Records for this task: Begin
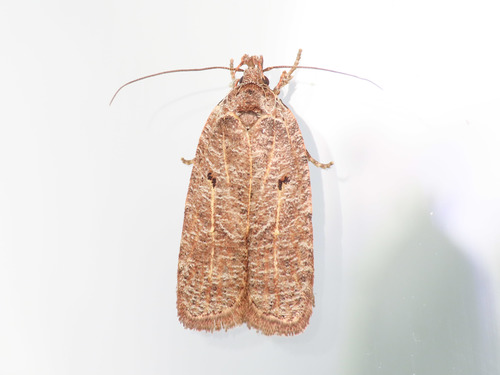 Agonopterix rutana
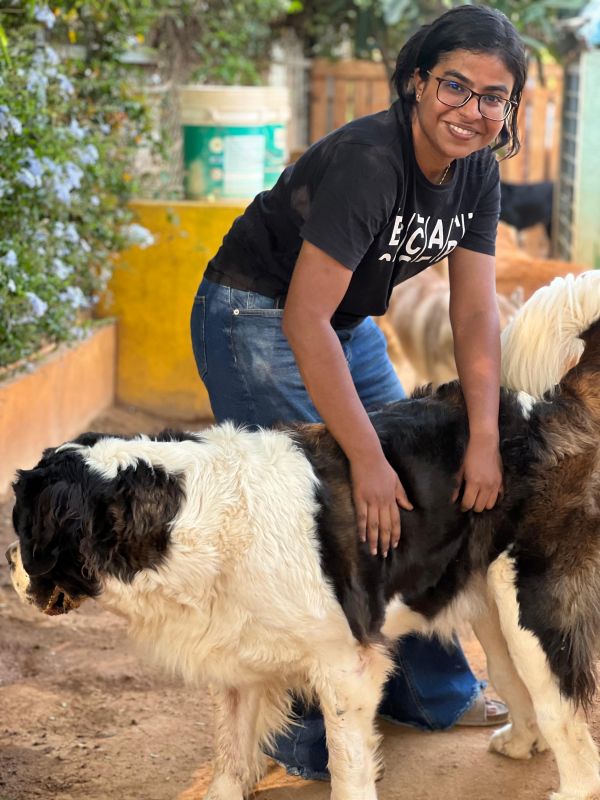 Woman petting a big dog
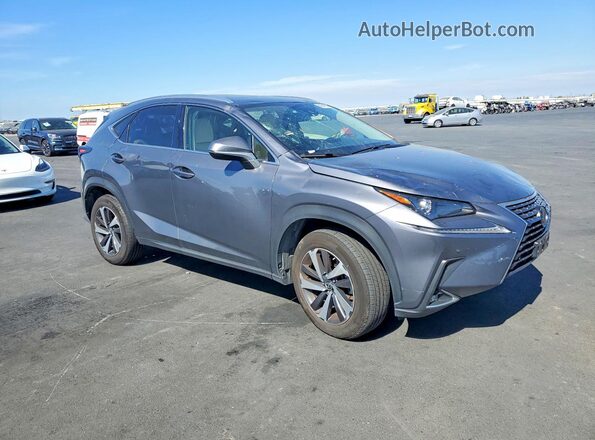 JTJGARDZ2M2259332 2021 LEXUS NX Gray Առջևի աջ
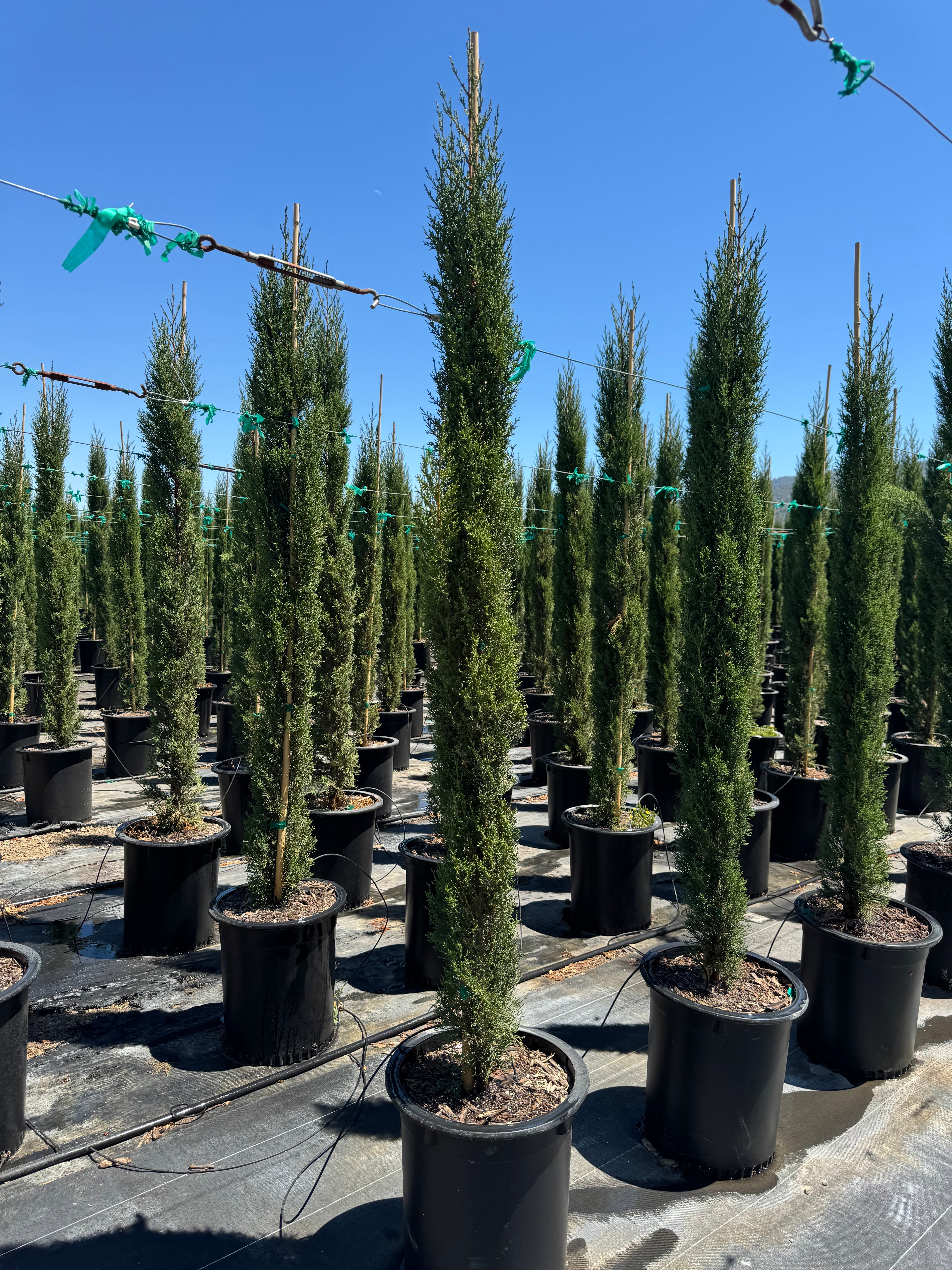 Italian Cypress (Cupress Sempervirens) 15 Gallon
Records for this task: End
Records for this task: Begin
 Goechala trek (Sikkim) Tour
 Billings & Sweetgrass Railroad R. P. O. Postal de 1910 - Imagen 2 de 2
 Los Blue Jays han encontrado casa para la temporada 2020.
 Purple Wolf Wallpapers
Records for this task: End
Records for this task: Begin
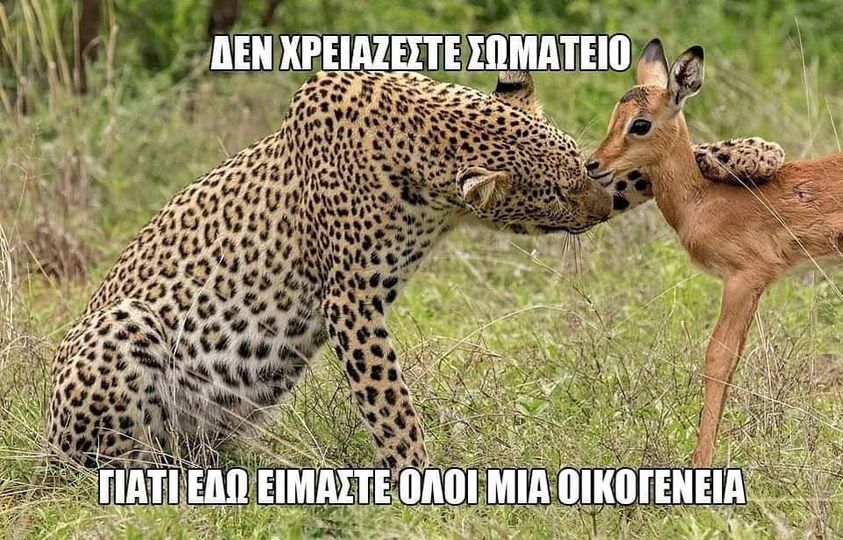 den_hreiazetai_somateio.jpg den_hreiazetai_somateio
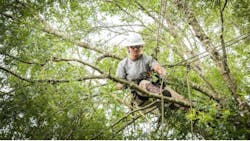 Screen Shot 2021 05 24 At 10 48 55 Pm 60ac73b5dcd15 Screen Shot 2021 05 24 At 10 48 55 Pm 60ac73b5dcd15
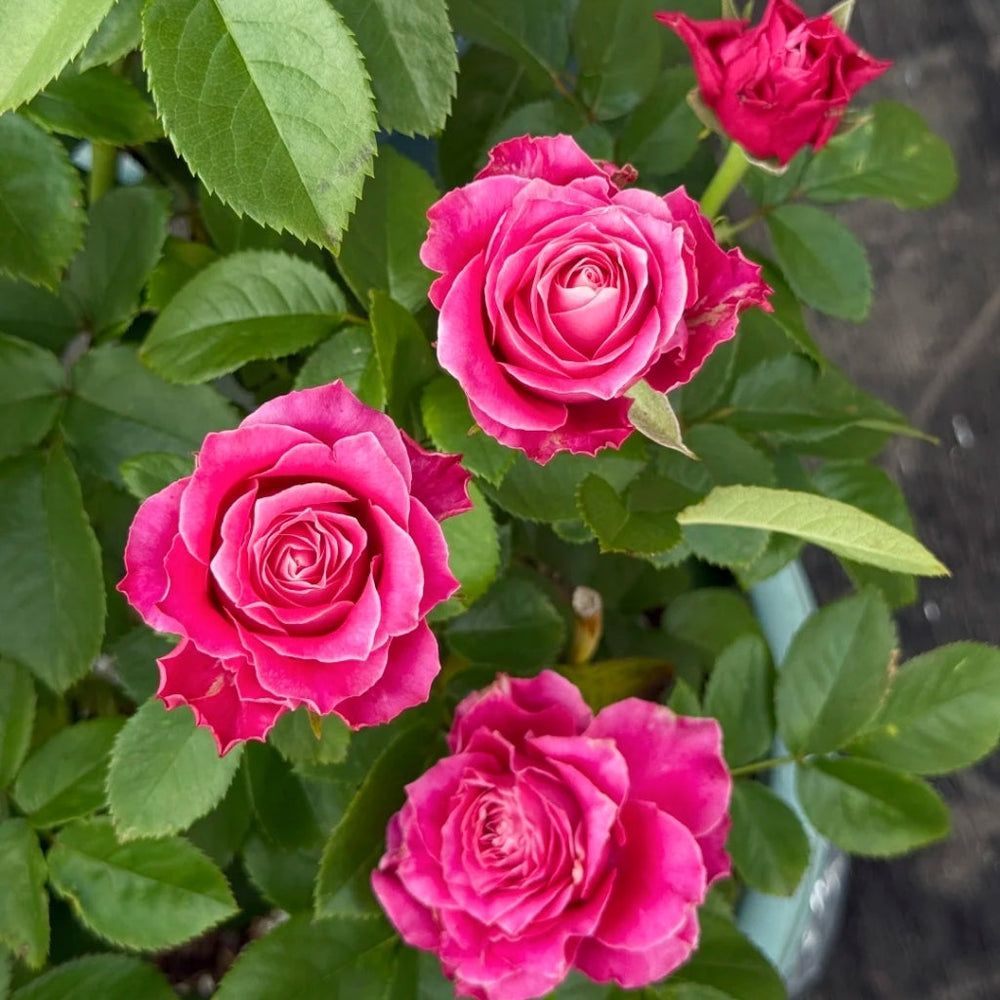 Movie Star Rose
Records for this task: End
[Requirement]
Without the pictures, give again exactly the lines above starting at the line containing "JTJGARDZ2M2259332 2021 LEXUS" and ending at the line containing "Italian Cypress (Cupress".

[Response box]
 JTJGARDZ2M2259332 2021 LEXUS NX Gray Առջևի աջ
 Italian Cypress (Cupress Sempervirens) 15 Gallon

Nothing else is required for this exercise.